The plain chachalaca occupies a wide range of habitats, including primary forest, secondary forest, forest edge and riverine forest, thorny bush-scrub, and shrubland. It is also found in human modified habitats such as orchards, suburban parks and gardens and croplands. Unlike other cracids, it is able to adapt to the scrubland that arises after the clearing of tropical rainforest. It can be found from sea-level to 1850 m

==Behavior==
The plain chachalaca is mostly diurnal and is most active in cool mornings and in the evening. It is mostly inactive during the heat of the day. Pairs or family groups roost communally in trees, usually on a branch, often touching, and facing the same way.

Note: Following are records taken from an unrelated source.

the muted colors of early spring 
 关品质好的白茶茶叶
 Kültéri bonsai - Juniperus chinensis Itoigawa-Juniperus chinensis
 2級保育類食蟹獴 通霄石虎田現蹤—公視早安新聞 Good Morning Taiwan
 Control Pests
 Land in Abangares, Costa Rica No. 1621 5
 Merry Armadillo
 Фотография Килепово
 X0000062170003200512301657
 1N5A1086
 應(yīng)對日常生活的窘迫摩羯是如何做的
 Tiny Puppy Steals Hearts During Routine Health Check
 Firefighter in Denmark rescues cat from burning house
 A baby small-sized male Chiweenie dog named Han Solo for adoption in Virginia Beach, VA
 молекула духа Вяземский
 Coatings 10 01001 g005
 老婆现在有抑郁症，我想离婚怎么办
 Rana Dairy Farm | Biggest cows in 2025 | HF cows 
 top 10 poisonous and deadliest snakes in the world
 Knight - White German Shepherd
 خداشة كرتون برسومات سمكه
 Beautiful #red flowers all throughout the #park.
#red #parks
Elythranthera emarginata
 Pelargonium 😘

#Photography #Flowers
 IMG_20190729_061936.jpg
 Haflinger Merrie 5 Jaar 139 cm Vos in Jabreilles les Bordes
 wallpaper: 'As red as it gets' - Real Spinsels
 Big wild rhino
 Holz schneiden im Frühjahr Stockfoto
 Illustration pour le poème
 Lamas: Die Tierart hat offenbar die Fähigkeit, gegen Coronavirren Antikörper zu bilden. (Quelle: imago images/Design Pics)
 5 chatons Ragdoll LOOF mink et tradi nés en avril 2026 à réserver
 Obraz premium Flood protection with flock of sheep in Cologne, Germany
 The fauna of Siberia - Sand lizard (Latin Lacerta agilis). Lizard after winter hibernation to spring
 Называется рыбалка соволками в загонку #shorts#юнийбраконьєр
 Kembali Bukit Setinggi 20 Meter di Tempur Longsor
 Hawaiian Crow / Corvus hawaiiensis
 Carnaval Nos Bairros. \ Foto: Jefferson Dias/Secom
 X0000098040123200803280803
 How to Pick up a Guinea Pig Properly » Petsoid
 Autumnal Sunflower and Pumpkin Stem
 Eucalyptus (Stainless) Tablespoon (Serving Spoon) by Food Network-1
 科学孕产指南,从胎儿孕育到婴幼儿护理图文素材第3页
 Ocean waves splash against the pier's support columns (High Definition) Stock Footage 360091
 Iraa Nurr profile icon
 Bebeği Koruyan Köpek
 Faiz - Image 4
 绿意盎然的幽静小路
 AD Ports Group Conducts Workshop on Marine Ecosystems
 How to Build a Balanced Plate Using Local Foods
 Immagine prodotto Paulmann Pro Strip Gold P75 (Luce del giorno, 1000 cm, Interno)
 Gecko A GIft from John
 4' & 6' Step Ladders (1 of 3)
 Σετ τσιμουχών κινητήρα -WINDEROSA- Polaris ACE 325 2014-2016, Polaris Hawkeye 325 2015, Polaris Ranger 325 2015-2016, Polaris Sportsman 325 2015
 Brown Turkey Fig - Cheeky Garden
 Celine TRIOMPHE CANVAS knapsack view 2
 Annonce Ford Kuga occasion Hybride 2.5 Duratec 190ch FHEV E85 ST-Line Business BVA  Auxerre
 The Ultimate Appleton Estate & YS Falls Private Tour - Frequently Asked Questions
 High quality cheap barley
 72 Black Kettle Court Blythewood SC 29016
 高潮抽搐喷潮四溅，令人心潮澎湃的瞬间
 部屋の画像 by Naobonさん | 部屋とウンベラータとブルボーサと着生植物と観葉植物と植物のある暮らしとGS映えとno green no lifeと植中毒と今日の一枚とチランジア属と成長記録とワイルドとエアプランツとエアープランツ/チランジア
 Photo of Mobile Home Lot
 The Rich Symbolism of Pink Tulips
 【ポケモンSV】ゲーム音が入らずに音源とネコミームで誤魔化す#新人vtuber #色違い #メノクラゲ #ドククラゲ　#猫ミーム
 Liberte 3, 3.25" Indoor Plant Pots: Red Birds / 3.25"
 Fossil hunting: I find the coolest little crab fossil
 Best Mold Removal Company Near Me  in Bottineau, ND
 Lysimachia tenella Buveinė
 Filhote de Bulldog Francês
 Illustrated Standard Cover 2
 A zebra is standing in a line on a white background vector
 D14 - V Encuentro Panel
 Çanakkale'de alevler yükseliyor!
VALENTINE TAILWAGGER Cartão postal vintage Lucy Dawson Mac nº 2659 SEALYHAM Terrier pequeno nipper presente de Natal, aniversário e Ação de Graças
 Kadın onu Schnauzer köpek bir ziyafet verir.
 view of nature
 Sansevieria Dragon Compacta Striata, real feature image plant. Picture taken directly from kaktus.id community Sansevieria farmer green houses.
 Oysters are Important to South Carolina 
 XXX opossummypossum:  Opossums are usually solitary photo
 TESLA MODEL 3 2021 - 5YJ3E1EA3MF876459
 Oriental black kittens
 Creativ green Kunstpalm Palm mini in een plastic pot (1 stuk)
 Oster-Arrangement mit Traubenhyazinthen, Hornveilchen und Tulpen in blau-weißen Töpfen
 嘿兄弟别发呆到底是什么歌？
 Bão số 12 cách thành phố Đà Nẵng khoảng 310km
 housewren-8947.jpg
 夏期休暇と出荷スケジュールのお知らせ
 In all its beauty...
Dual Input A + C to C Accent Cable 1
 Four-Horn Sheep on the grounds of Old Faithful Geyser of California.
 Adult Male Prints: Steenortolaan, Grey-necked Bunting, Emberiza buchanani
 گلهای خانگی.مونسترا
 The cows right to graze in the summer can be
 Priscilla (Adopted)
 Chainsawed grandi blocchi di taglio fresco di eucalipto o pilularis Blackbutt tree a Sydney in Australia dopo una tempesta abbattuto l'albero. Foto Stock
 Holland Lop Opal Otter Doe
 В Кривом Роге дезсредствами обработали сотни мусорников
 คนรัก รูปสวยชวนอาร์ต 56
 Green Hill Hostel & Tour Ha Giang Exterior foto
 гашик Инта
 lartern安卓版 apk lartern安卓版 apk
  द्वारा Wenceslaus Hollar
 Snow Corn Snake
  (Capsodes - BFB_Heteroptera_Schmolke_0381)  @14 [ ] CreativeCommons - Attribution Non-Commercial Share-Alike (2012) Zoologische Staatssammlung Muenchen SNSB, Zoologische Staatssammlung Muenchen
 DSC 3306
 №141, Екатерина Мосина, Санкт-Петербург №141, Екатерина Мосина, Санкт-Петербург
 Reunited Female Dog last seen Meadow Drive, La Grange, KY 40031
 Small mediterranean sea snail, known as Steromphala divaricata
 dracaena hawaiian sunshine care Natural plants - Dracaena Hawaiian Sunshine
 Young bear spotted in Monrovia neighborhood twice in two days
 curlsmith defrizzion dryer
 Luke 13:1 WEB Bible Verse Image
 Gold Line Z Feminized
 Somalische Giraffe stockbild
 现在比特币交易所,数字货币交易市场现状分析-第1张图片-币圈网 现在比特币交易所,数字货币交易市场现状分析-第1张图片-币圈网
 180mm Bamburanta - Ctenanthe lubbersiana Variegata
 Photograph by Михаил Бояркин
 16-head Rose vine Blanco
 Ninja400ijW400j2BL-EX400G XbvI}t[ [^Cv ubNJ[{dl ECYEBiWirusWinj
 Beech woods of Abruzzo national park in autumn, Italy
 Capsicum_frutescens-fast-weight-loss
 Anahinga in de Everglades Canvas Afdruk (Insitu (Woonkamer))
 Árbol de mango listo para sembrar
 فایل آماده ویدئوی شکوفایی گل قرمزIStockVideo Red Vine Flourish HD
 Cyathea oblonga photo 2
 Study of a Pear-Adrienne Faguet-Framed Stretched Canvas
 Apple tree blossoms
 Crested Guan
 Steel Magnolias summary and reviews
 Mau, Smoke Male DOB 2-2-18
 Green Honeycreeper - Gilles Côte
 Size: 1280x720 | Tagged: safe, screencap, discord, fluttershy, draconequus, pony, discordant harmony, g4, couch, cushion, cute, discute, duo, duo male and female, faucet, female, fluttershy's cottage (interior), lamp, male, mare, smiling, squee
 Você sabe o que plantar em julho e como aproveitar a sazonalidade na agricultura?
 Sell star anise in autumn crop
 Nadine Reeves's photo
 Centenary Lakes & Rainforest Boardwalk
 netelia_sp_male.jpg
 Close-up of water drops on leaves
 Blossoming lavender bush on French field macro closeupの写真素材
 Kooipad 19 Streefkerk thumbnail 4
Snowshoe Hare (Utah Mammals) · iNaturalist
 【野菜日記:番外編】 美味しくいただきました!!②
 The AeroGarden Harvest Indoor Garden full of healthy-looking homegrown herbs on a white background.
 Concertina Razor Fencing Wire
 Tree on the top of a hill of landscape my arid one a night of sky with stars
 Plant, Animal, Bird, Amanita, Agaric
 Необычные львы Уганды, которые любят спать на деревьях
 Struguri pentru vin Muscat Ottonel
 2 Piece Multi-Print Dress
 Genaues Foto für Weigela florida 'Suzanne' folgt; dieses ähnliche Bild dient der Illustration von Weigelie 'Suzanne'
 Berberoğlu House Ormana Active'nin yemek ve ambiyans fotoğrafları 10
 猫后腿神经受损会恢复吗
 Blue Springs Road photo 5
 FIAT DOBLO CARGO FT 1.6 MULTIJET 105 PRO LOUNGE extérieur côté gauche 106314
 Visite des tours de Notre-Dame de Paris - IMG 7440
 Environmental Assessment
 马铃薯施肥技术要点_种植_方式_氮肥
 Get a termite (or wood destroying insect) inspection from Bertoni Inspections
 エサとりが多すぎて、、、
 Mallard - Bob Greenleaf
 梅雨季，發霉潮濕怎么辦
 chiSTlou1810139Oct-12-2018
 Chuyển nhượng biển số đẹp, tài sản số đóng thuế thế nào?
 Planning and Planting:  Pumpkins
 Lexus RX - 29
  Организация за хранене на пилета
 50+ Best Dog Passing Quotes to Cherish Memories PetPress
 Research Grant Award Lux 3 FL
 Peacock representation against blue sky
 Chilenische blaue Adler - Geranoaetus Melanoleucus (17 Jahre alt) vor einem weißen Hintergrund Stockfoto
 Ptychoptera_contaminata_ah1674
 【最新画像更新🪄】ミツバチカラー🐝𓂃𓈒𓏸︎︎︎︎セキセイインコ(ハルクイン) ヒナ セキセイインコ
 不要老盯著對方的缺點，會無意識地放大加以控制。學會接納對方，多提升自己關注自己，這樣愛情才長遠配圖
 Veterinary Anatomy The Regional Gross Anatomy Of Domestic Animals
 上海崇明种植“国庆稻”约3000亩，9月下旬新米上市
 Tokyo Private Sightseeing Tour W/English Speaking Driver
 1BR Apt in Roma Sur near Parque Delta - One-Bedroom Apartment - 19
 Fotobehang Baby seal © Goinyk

When it comes to the plain chachalaca's diet, the primary plant species eaten in great volume by them include coyotillo (Karwinskia humboldtiana), Mexican ash (Fraxinus berlandieriana), pigeon-berry (Rivina humilis), and cedar elm (Ulmus crassifolia). The most frequent items of food were discovered to be small fruits and buds of pigeon-berry, followed by anacua and coyotillo berries. Animal matter was found in only four birds and consisted of small snails, caterpillars, and a lace bug, presumably taken incidentally on plant material.

=== Breeding ===
Nests are in trees, large shrubs, or vines, 5–35 feet above the ground. Both male and female arrange nest material, and the whole nest averages 8.5 in across. The clutch consists of two to four white eggs.

== Conservation ==
Hunting of the plain chachalaca is restricted to subsistence hunting, for example by the Mayan people in southern Mexico. The plain chachalaca population is 500,000–5,000,000 (2006 IUCN Red List). It is not threatened. However the subspecies from Útila Island, O. v. deschauenseei, has sometimes been listed as extinct, but recent surveys have confirmed that it still survives.

Chachalaca are viewed as a game animal in Texas.